For his good contribution to The Speed of Life: Books for the Young ReaderYo-Yo Ma tells children how books helped her survive her childhood, listing King Arthur among her three greatest heroes; as a young boy born in France to Chinese parents, trying to find his place as an immigrant in America, he found great comfort and inspiration in the stories of the famous medieval leader – stories of “adventure, heroism, human frailty and fate” that gave him the courage to believe in the power of seeking to find sacred things and dreams that cannot be dreamed as dreams that cannot be fulfilled. the greatest cellist in the world.
And, indeed, buried within the adventure-joy of these Arthurian legends are a wealth of wisdom about strength, courage, and the art of noble life, nowhere richer than in the novels. TH White (May 29, 1906–January 17, 1964), one episode that provides a meta-testament to the power of learning in the creation of the character of King Arthur himself.

In White's 1958 Arthurian classic The King of Once and Tomorrow (public library) – one of Ursula K. Le Guin's favorite books – the sorceress Merlyn, who knows about the fate of the young King Arthur, tries to mold the boy's morals and teach him what it means to be a strong, kind leader by using a series of lessons from the animal kingdom, to transform him, fish, hak, hak, hak, hak, fish, hak, hak, hak, goose, hak, hak, hak, fish and hak. corn. One day, young Arthur comes to Merlyn in the form of a normal human, full of normal human disappointment – that little mallet, merciless for our weaknesses. Merlyn offers his advice on a powerful antidote to disappointment and grief:
The best thing about being sad… is learning something. That is the only thing that will never fail. You may grow old and tremble in your body, you may lie awake at night listening to your nerves, you may miss your one love, you may see the world about you destroyed by evil lunatics, or you may know your reputation is being trampled down the drains of a dirty mind. There is only one thing you can do about it – study. Learn why the earth moves and what moves it. It is the only thing that the mind can never weaken, never divide, never abuse, never fear or distrust, and never dream of regret.

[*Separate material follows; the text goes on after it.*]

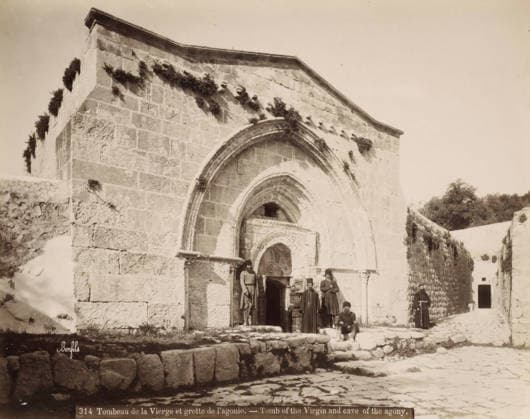 RECORD DATE NOT STATED Tomb of the Virgin Mary and the Cave of the Agony in Jerusalem, Tombeau de la Vierge et grotte de l agonie. - Tomb of the Virgin and cave of the agony., photograph, Part of Travel album with photos of Jerusalem and other biblical places., negative number: 314 , photographer: Maison Bonfils, Jerusalem, c. 1867 - c. 1895, Maison Bonfils, photographer, pasteboard, paper, albumen print, height 225 mm x width 284 mm, church (exterior), grave, tomb, cave, grotto, A stone building facade with a large arched entrance and smaller arched recesses, weathered block masonry and patches of vegetation growing on and along the upper walls; a cobbled foreground with low stone steps and a raised stone platform; several men in long garments and hats gathered Copyright Penta Springs LCK260531_18272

In a poignant sense of astrologer Maria Mitchell's comment that “we have a mental hunger for knowledge of all around us, and the more we gain, the greater our desire,” Merlyn adds:
Look at how many things you can learn – pure science, the only pure there is. You can read astronomy in a lifetime, natural history in three, six books. And then, after you are tired of a million lives in biology and medicine and theocriticism and geography and history and economics – why, you can start making a wagon wheel from the right wood, or spend fifty years learning to start learning to beat your enemy at the fence. After that you can start again in math, until it's time to learn to farm.
Train Rebecca Solnit – the modern magic of storytelling – on how books comfort, empower, and transform us, philosopher Martha Nussbaum on how to live with our human weaknesses, and poet Mary Oliver on the great antidote to grief, then revisit Bruce Lee's philosophy of reading, Lewisin Carroll directs his son Albert's advice on his four laws of reading. the secret to learning anything.